**WHAT THE EXERCISE ASKS**
Search the data for the string "https" and extract every line where it appears.

Data items:
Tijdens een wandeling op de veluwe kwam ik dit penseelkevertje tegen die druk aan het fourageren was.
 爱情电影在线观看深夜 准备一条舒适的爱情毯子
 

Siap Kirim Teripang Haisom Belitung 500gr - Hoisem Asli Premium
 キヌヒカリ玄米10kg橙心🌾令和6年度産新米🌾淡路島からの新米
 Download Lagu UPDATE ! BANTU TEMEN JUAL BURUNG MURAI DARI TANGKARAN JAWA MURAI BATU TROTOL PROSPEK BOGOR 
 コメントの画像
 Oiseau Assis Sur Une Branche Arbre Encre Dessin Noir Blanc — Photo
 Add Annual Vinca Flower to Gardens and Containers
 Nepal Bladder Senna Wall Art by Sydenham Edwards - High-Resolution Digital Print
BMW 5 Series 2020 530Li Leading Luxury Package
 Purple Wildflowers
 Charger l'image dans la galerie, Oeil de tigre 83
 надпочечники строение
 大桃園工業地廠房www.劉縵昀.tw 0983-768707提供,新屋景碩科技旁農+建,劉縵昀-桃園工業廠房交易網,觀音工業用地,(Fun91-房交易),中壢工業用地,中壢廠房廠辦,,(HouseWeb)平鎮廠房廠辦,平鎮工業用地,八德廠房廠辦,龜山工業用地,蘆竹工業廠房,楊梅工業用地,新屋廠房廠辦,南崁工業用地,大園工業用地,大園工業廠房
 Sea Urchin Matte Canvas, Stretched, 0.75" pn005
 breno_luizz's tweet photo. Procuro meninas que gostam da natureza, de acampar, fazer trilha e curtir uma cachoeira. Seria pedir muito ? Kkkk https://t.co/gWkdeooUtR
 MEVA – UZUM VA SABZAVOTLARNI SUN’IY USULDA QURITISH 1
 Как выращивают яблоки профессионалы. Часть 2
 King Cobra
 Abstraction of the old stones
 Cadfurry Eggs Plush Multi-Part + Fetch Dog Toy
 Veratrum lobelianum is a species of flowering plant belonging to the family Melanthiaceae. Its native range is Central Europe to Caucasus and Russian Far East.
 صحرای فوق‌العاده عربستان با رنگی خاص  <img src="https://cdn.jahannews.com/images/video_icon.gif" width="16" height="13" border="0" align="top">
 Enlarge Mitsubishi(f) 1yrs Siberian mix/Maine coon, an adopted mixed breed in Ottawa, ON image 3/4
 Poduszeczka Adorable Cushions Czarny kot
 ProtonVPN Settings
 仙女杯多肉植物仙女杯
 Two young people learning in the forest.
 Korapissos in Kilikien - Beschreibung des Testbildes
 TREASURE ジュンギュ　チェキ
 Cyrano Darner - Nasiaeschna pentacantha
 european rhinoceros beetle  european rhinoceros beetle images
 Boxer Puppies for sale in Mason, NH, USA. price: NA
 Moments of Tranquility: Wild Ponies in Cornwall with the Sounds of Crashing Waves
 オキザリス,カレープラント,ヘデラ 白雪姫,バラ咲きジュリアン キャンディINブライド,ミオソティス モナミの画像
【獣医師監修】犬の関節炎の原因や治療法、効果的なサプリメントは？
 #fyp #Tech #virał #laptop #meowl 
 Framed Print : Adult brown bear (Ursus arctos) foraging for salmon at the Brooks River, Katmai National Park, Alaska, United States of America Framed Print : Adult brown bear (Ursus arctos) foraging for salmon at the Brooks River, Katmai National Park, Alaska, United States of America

**RESPONSE TO THIS EXERCISE**
 breno_luizz's tweet photo. Procuro meninas que gostam da natureza, de acampar, fazer trilha e curtir uma cachoeira. Seria pedir muito ? Kkkk https://t.co/gWkdeooUtR
 صحرای فوق‌العاده عربستان با رنگی خاص  <img src="https://cdn.jahannews.com/images/video_icon.gif" width="16" height="13" border="0" align="top">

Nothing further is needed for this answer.